As Chemnitz writes “ The Son of God, therefore, in order that He might become the second Adam, assumed our nature, but without sin, and in that nature condemned sin, destroyed death, and restored that nature to life…. Christ in His Supper again offers us that very nature which He has assumed from us and in Himself first restored, so that when we receive it with our poor flesh we are no longer in doubt concerning the salvation also of our nature through Christ. For in this way He, as it were, grafts our miserable and corrupt nature into the holy and life-giving mass of his human nature, as Cyril says, so that out depravity and misery are cured and renewed through the remedy of this most intimate union.” (The Lord’s Supper, pg 188-189)
Semi-Gnostic, and Gnostic teachings plague many aspects of Christianity today. First and foremost of these teachings is that humans are primarily spirit, that the physical is bad or indifferent. I believe it is this thought process that has led to many of the sexual sins among Christians. Seems you find lots of sermons about smoking and drinking, but not much is said on the topic of premarital sex. Many believe that death is the release of the soul to heaven to live with Christ.
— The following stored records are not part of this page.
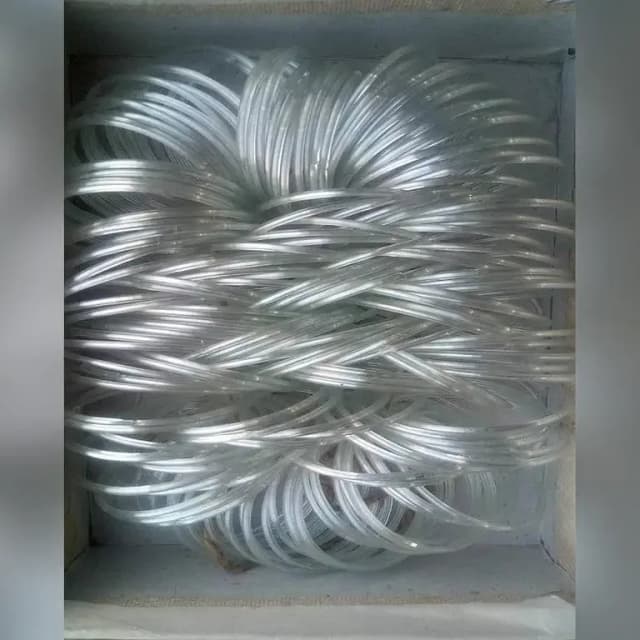 White Plain Glass Bangles, Size 2.25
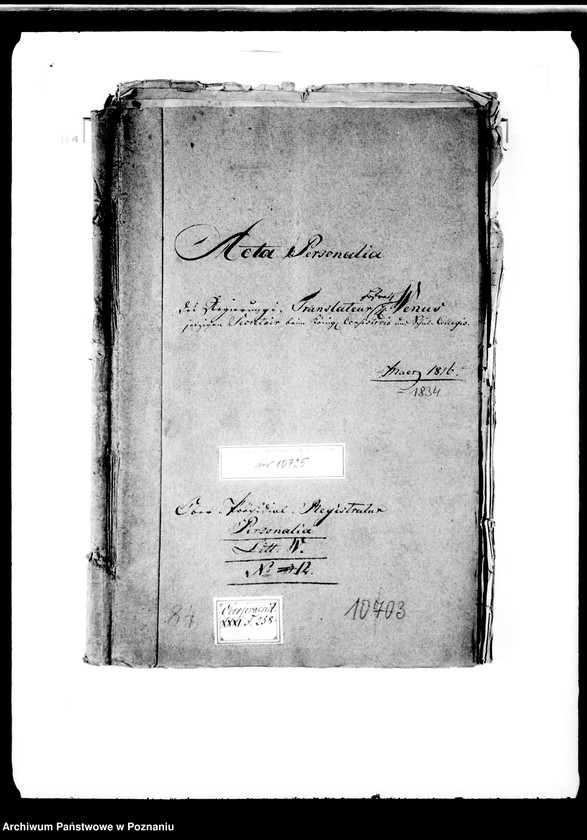 Obraz 5 z jednostki "Personalia des Regierungstranslateurs Herrn Wenus, jetzigen Sekretär beim königlichen Konsistorio und Schulkollegio."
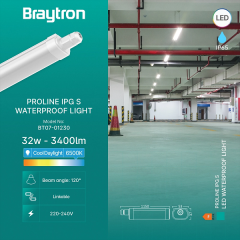 Braytron Prolıne 32w 6500k Ip65  Etanj Armatür 1.2 Mt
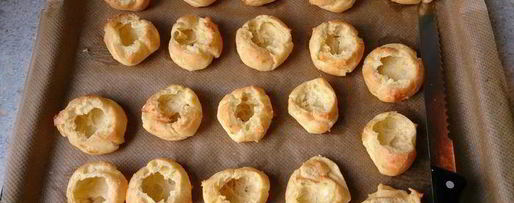 Шаг 5: профитролей с творожным сыром и семгой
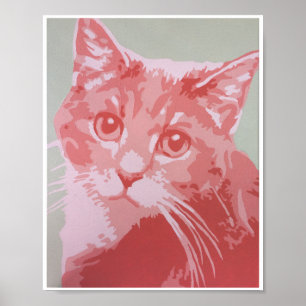 Affiche Copie de corail de chat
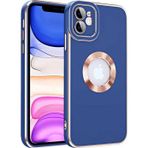 Kılıftech İphone 12 Uyumlu Zore Kongo Kılıf-Lacivert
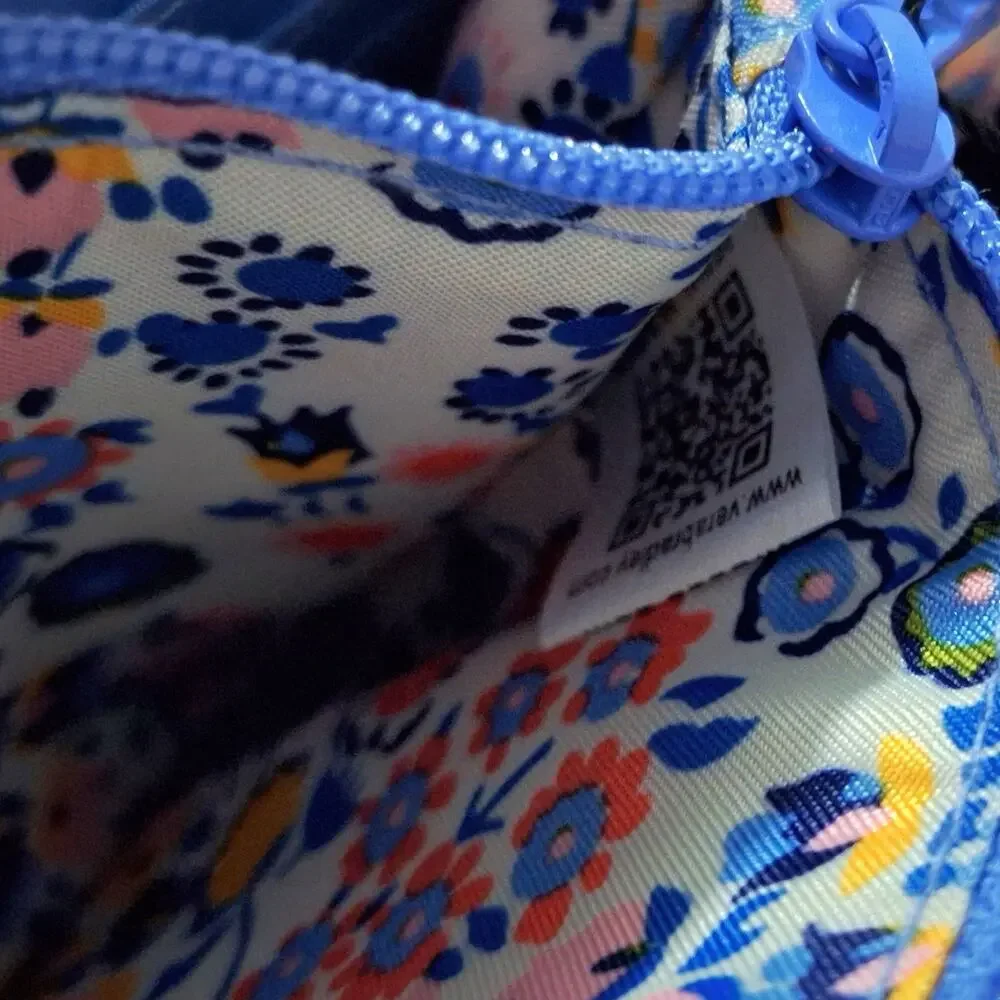 Vera Bradley RFID Iconic Deluxe All Together Crossbody Coral Floral - Picture 9 of 11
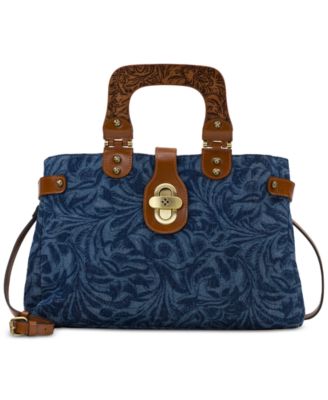 Patricia Nash - Sancia Medium Denim Satchel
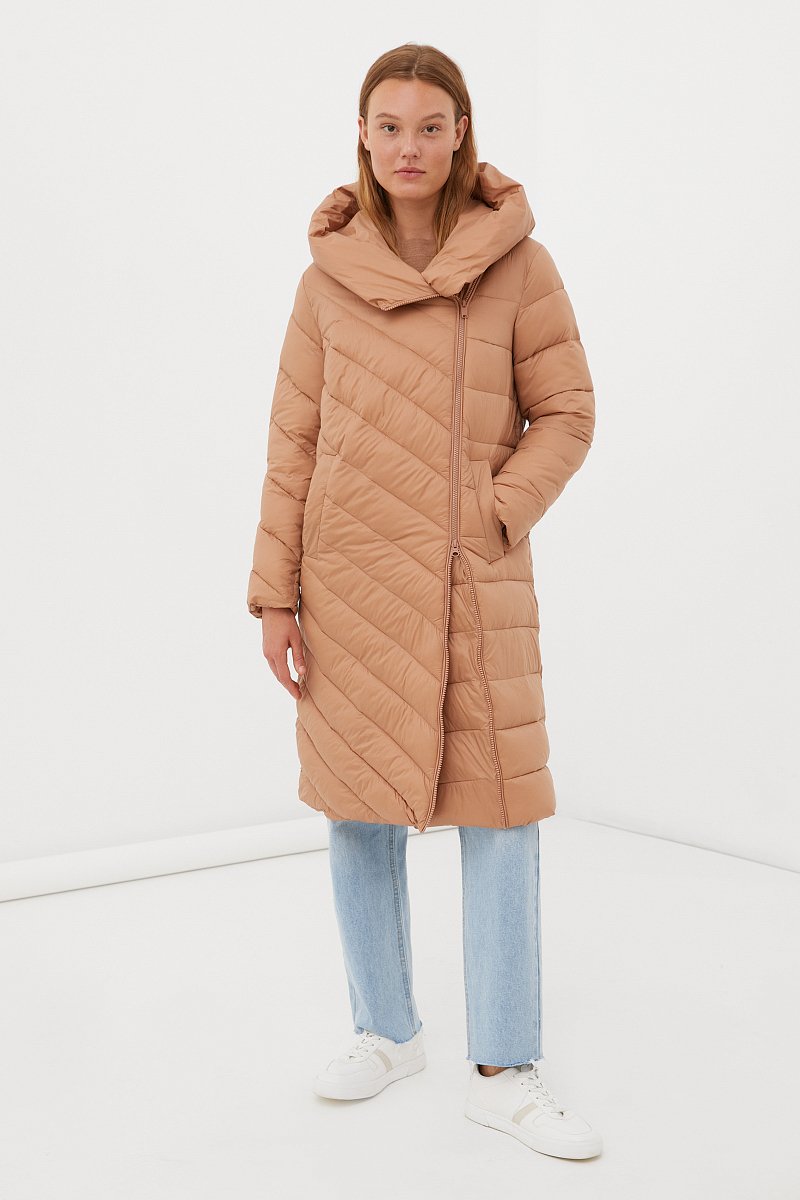 Утепленное пальто женское, Модель FBC11025, Фото №2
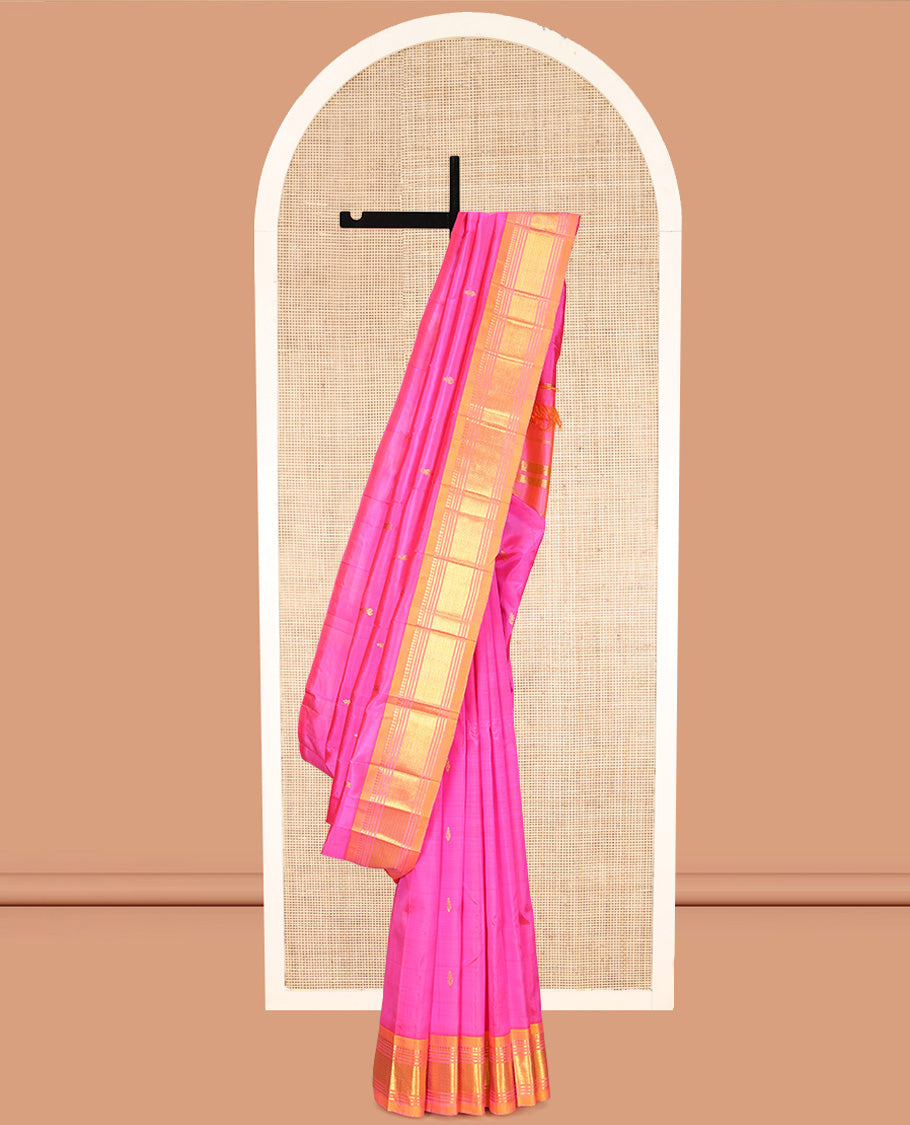 Pink Kanchipuram Silk Saree
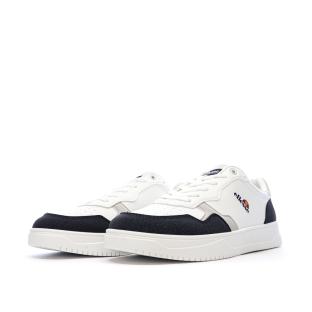 Baskets Blanches/Marines Homme Ellesse Pansit vue 6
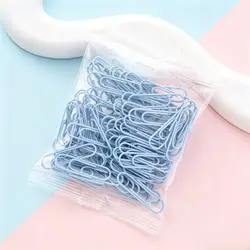 Vibrant Assorted Colored Paper Clips, 80 Pack - Reusable & Durable for Office and School Use (SKY BLUE)
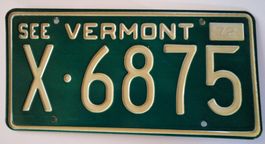 Autoschild Plaque immatriculation Targa Vermont USA
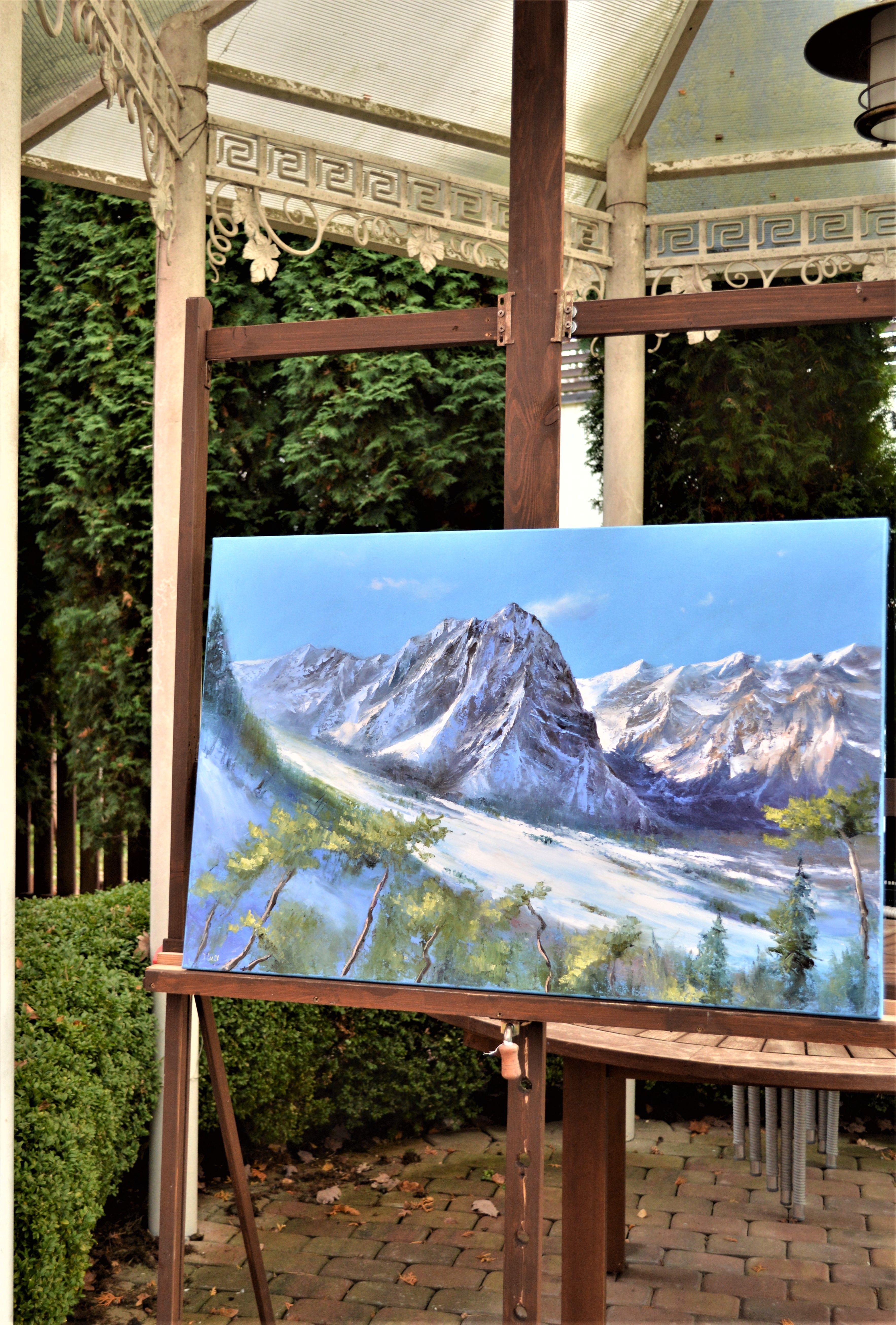 Bei der Gestaltung dieses Werks hat mich die raue und majestätische Schönheit der Natur fasziniert. Mit Ölfarben versuchte ich, die ausdrucksstarken Pinselstriche des Impressionismus mit der detaillierten Schönheit des Realismus zu verbinden. Jeder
They don’t realize that our bodies are also spiritual, that we go to heaven in body and soul. We are not separated from our bodies, but given transformed bodies in heaven. This can be trace back to the fact that in many protestant circles nothing is done for the preparation of the body for heaven. The soul and the soul alone receives all the emphasis when it comes to heaven. Even the Lord’s Supper is turned into some sort of soul feast, that has nothing to do with the body. Yet, The Lord’s Supper emphasizes the resurrection of the flesh. Christ gives us his body so that the transformation of our bodies might begin now. Christ prepares not only our soul for heaven in the Lord’s Supper, but also our bodies.